Online marketplaces: using the platforms correctly
If you would like to distribute your offers online, your first thought may be to create your own online shop – and this idea isn’t entirely wrong. If you set up your own online business, you have complete control over its design. You can completely customise your online store to fit your own needs. But like a retail store, guiding buyers into the shop and building up a loyal customer base is a big task. You also have to take care of all technical components yourself or hire IT experts. Therefore, it can make sense to offer your products instead on an already existing site, where users have already come to shop: an online marketplace.
These days, it’s easy to create your own e-shop: With the offer from 1&1, many professional design templates help you with the creation of your store. You can present your offer to a large audience with an interface in the big online marketplaces.
Online marketplaces function just like traditional marketplaces: Sellers assemble in a location to offer their wares. And as with offline selling, it’s not necessarily the market participant who provides the best offer that gets the most business – it’s also who can shout the loudest. It’s not enough anymore to simply make your product available on Amazon, eBay, or others and then hope for an increase in sales figures. The competition is fierce on the various platforms, which is why you should make an effort when posting your goods (or services).

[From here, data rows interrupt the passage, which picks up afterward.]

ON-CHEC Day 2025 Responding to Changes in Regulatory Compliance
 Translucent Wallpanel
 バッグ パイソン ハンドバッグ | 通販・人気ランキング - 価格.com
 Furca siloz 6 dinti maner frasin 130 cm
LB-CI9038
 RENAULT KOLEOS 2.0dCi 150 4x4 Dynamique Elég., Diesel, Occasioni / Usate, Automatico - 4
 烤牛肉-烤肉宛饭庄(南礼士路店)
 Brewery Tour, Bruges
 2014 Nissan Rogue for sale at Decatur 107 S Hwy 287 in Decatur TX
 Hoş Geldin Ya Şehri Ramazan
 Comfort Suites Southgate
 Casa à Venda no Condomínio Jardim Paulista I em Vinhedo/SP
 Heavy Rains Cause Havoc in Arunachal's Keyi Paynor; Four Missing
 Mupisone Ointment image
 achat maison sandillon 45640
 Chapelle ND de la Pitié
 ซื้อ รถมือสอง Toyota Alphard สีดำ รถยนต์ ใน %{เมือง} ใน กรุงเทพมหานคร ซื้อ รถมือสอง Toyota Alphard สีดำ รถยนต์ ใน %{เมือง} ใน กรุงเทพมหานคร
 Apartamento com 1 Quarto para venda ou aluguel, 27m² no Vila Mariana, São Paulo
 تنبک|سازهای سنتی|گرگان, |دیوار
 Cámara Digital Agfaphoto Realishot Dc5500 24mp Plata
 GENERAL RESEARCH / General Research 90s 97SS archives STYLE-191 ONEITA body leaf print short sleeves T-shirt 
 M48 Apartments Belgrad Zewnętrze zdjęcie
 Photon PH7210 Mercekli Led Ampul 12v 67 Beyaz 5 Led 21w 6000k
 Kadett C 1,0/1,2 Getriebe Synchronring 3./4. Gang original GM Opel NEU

With most online marketplaces, you have several options for strengthening your product placement:
- Article title: Many customers on online marketplaces find offers using the search function. The title of the product page is the first thing that potential buyers see. It plays a big role in the decision: Click or not? So select a meaningful and appealing headline.
- Product description: Describe your offer exactly – and be creative with it. Especially in the B2C sector, clear facts are not enough to persuade customers to make a purchase decision. A product text should invoke emotions that suit the offer
- Photos: When it comes to content on the internet, text and images always go hand in hand – this goes for e-commerce as well. Pay particular attention that your product photos make a professional impression. Poor lighting, a cluttered background, or poor image quality will deter users immediately. Meaningful, professional photos, on the other hand, will spark interest and bring about a positive first impression.
- Facts: Most online marketplaces offer the possibility to present facts on the offered product in the form of keywords. This gives users the chance to quickly recognise whether the product matches their perception. You can compensate for a disadvantage of online retail by specifying sizes, weight, or materials used, for example: In contrast to physical sales, a customer in an online marketplace can’t hold the product in their hand before purchasing. Detailed information gives a better impression so they don’t have to make blind bargain.
- SEO: E-commerce marketplaces function in the exact same way as the internet in general: Search engines show users the way to the offers. That’s why it’s a good idea to pay attention to search engine optimisation criteria when setting up the article. After all, you want to appear at the top of the search results, otherwise users may choose one of your competitors before they’ve even seen your listing.
In our guide, we specifically show you how to set up successful SEO with Amazon.
Find the right marketplace
Even though Amazon enjoyed a market share of 16% in the UK for 2016, the online giant is not necessarily the best choice for your company. Depending on what and to what extent you want to sell, it’s worth taking a look at other online retailers. For offers that address a specific customer group, niche marketplaces can be interesting. Pay attention to the following points when deciding on an online marketplace:
- Commission: Sales platforms see themselves as intermediaries between customers and providers. Understandably, they also want to be paid for this. This is usually done through commissions. Depending on the revenue that you earn from a successful sale, the marketplaces charge a fee. When selecting a platform, pay attention to whether or not these costs are reasonable for you.
- Range: Different online marketplaces reach different numbers of people. But that doesn’t necessarily mean that the highest range is best for your business. A platform with a focused range of offers, for example, could help you avoid scattering losses.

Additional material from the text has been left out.